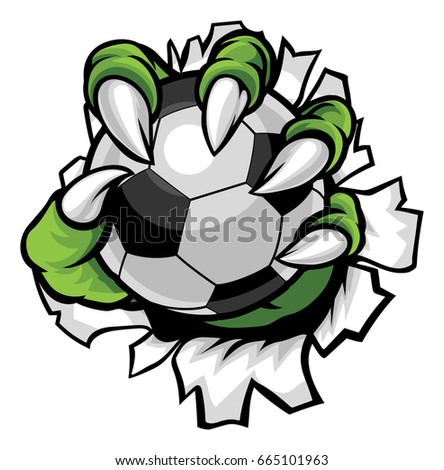 A monster or animal claw holding a soccer football ball and breaking through the background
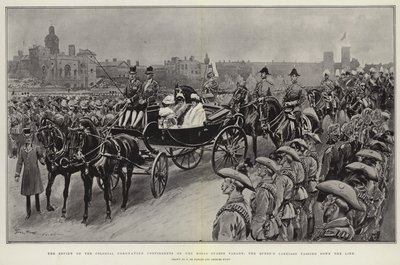 Die Überprüfung der kolonialen Krönungskontingente auf der Horse Guards Parade, die Kutsche der Königin fährt die Linie entlang von Frederic de Haenen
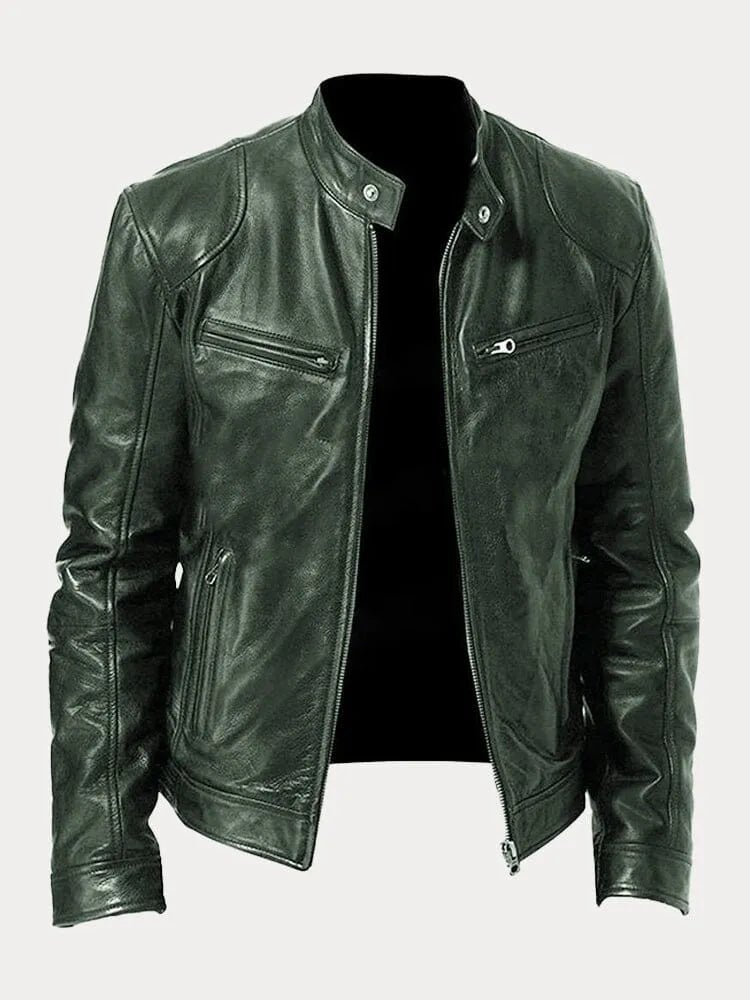 Men's Rugged Leather Biker Jacket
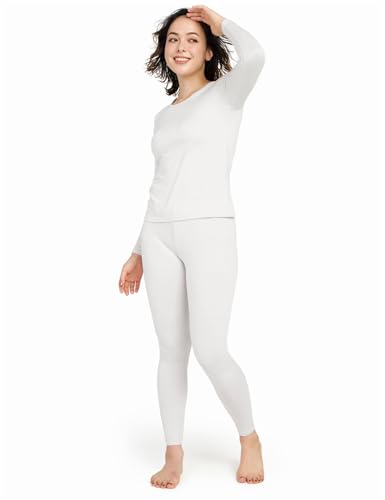 LAPASA Damen Innenfleece Thermounterwäsche Set, Thermooberteil & Thermohose Leggings Funktionsunterwäsche Sets, L41 Weiß, 200 Wärmer, L von LAPASA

*YOUR TASK*
Could you return, word for word, every line from the line with "Men's Rugged Leather Biker Jacket" through the last line of the listing above, both ends included, without any pictures?

*ANSWER*
 Men's Rugged Leather Biker Jacket
 LAPASA Damen Innenfleece Thermounterwäsche Set, Thermooberteil & Thermohose Leggings Funktionsunterwäsche Sets, L41 Weiß, 200 Wärmer, L von LAPASA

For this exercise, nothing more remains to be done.